The Dictionaries/ subdirectory contains the fast analysis and fast
synthesis routines for various dictionaries mentioned above, as well
as routines defining the LIST data structures for accessing mixture
dictionaries. FastA and FastS allow an object-oriented way for
acessing analysis and synthesis operators for all the dictinaries
implemented in Atomizer

One should store the LSSOL simplex code in the LSSOL/ subdirectory.

The Scripts/Tutor subdirectory provides tutorial scripts for one to learn
how to use the major atomic decomposition routines in Atomizer.

The Scripts/BP subdirectory provides scripts for reproducing all the
figures in the article 'Atomic Decomposition by Basis Pursuit'.  One
can also run the same computing enviorment on his own signals, or tune
the optimization parameters by simply modifying these scripts. We
believe that one can get a good understanding of Atomizer by studying
these scripts.

The Scripts/Thesis subdirectory provides scripts for reproducing all the
figures and tables in the Ph.D. thesis 'Basis Pursuit'.

The MexSource/ subdirectory contains all the C source files to compile the mex
files in Atomizer. According to our experience, mex files increase
the computation speed at least 10 times on Unix machines.

One can use the routine InputSignal in Dataset/ subdirectory to
produce the synthesized signals, or access datasets provided in
Atomizer.

III. Data Structures

Here we discuss the data structures for signals, coefficients and
dictionaries ($s = \Phi \alpha$) in Atomizer.

1-d signals are represented, preferably, as n-by-1 matrices (i.e. n = 2^J).
Atomic decompositions of 1-d signals are specified by coefficients.
Coefficients are represented as n-by-1 matrices.

A dictionary is specified by the following 4 arguments: NameOfDict,
par1, par2, par3. NameOfDict is the name of the dictionary; it is a
string. par1, par2, par3 are the parameters associated with the
dictionary; they are numbers or vectors. If a dictionary has less than
three parameters, one can simply assign the unused parameters to 0, or
anything. E.g. (NameOfDict = 'PBS', par1 = log2(n), par2 = qmf, par3 =
dqmf) specifies a periodized-biorthogonal-symmetric wavelet
dictionary, where n is the signal length; qmf and dqmf are vectors of
quadrature mirror filters. (NameOfDict = 'DCT', par1 = 4, par2 = 0,
par3 = 0) would specify a discrete cosine dictionary 4 times finer in
frequency than the standard frequency resolution (pi / n). We give a
list of dictionaries implemented in Atomizer with their (NameOfDict,
par1, par2, par3) at the end of this reference.

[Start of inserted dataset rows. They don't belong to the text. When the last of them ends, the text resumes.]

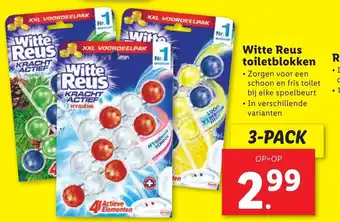 Lidl Witte Reus toiletblok aanbieding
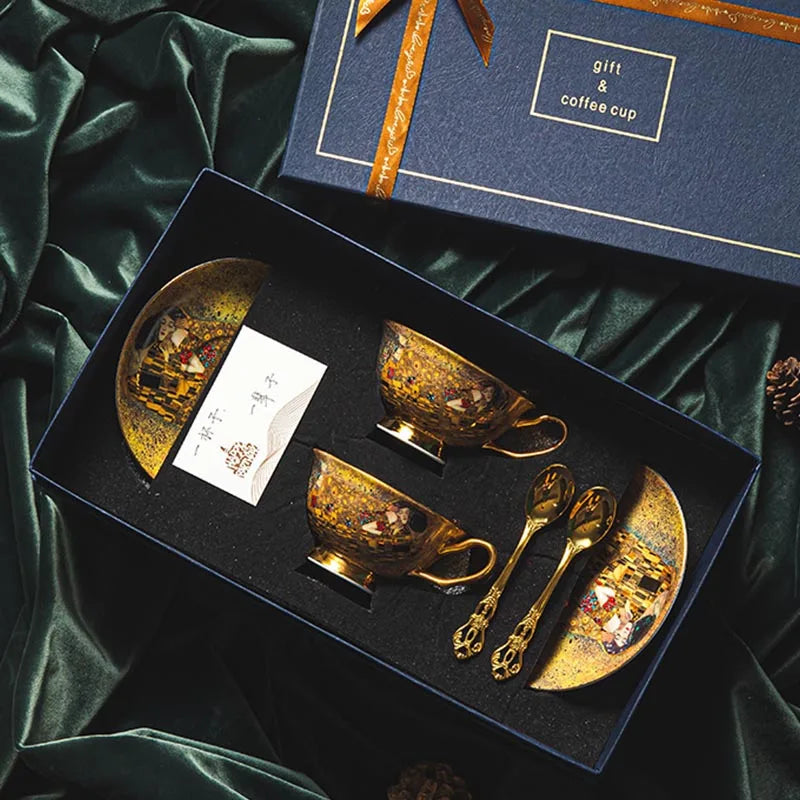 Set tazas de té de porcelana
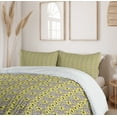 thumbnail image 6 of Ambesonne Garden Duvet Cover Sets, Meadow Inspired Spring, 2-King, Indigo Yellow Taupe, 6 of 6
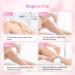 Facial Epilators for Women Facial Hair Remover with LED Light Mini Rechargeable Face Epilator Including Eyebrow Trimmer for Facial Armpit Bikini and Leg - Buy Online on GoSupps.com
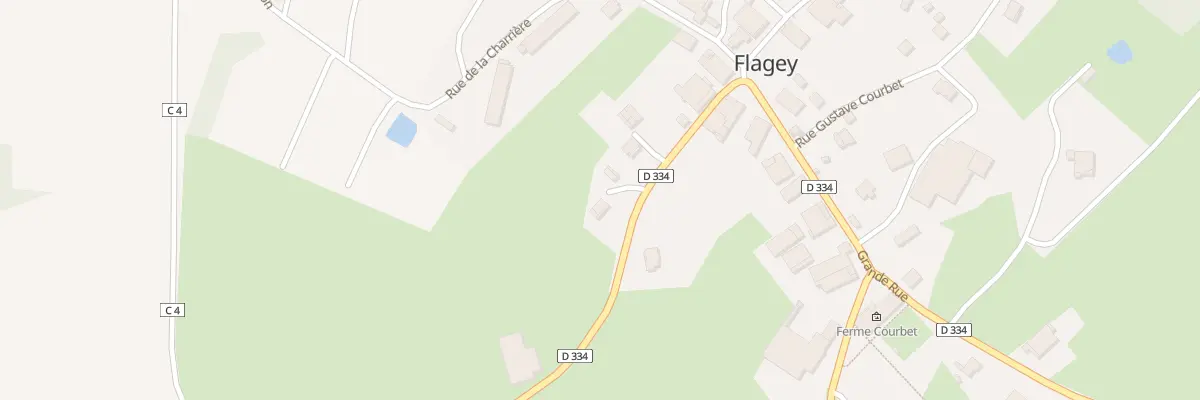 Plan du 18 Rue des Laves à Flagey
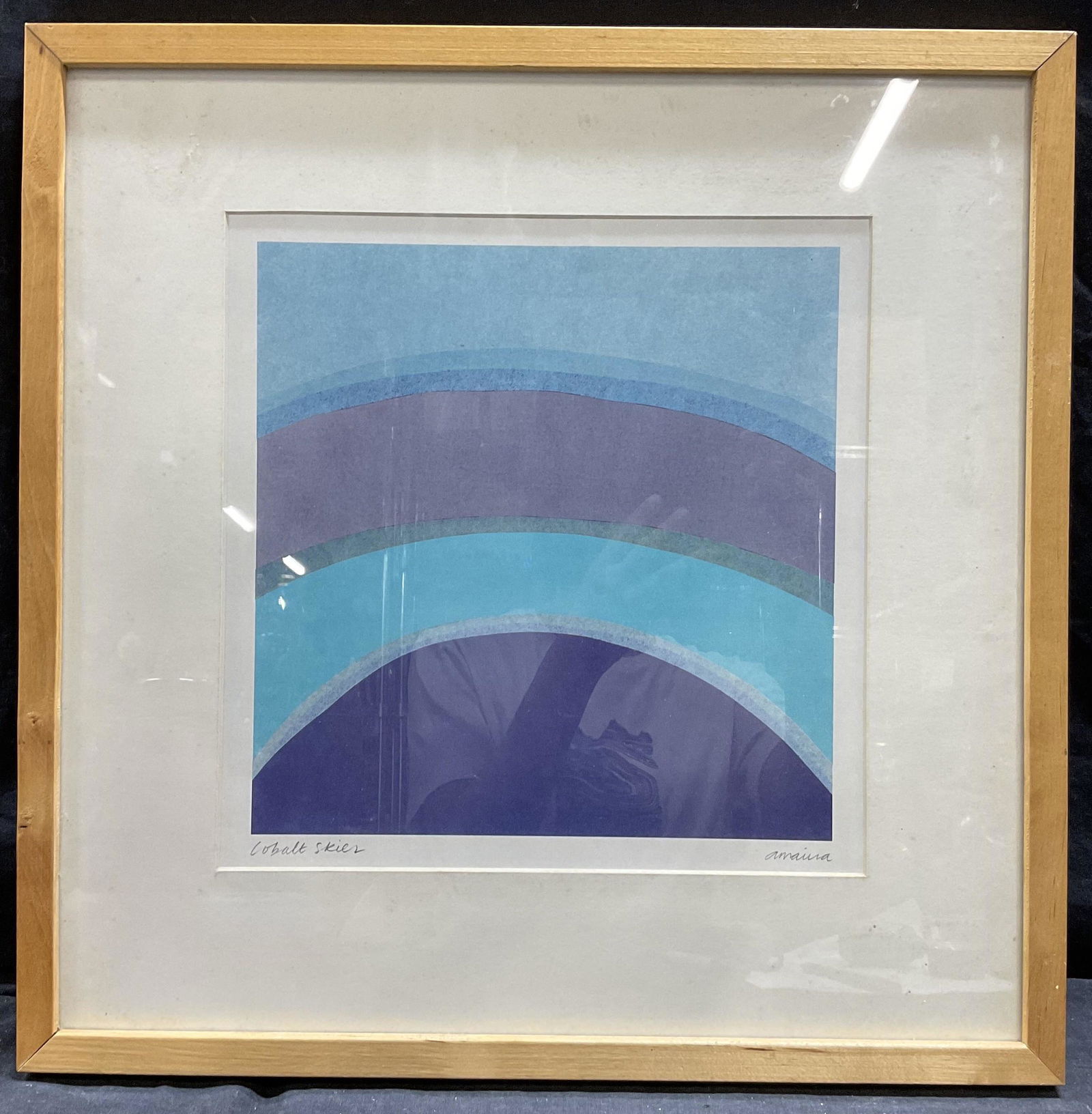 AMAINA Signed Cobalt Skies Lithograph (1 of 7)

Atomizer uses a list data structure to represent compound dictionaries,
which are combinations of the standard implemented dictionaries. In this
case (NameOfDict, par1, par2, par3) are all lists. For example, if
NameOfDict = List(N^1, N^2), par1 = List(p1^1, p1^2), par2 = List(p2^1, p2^2),
par3 = List(p3^1, p3^2), then (NameOfDict, par1, par2, par3) represents
the combined dictionary of (N^1, p1^1, p2^1, p3^1) and (N^2, p1^2, p2^2,p3^2).
One can use routine MakeList to make a list of any number of vectors, or a
list of any number of strings.

Because of the convenient data structure for dictionaries, all
the atomic decomposition techniques in Atomizer are implemented
in a object-oriented way, in the sense that one can do atomic
decomposition in a certain dictionary by simply supplying the
the four dictionary arguments (NameOfDict, par1, par2, par3).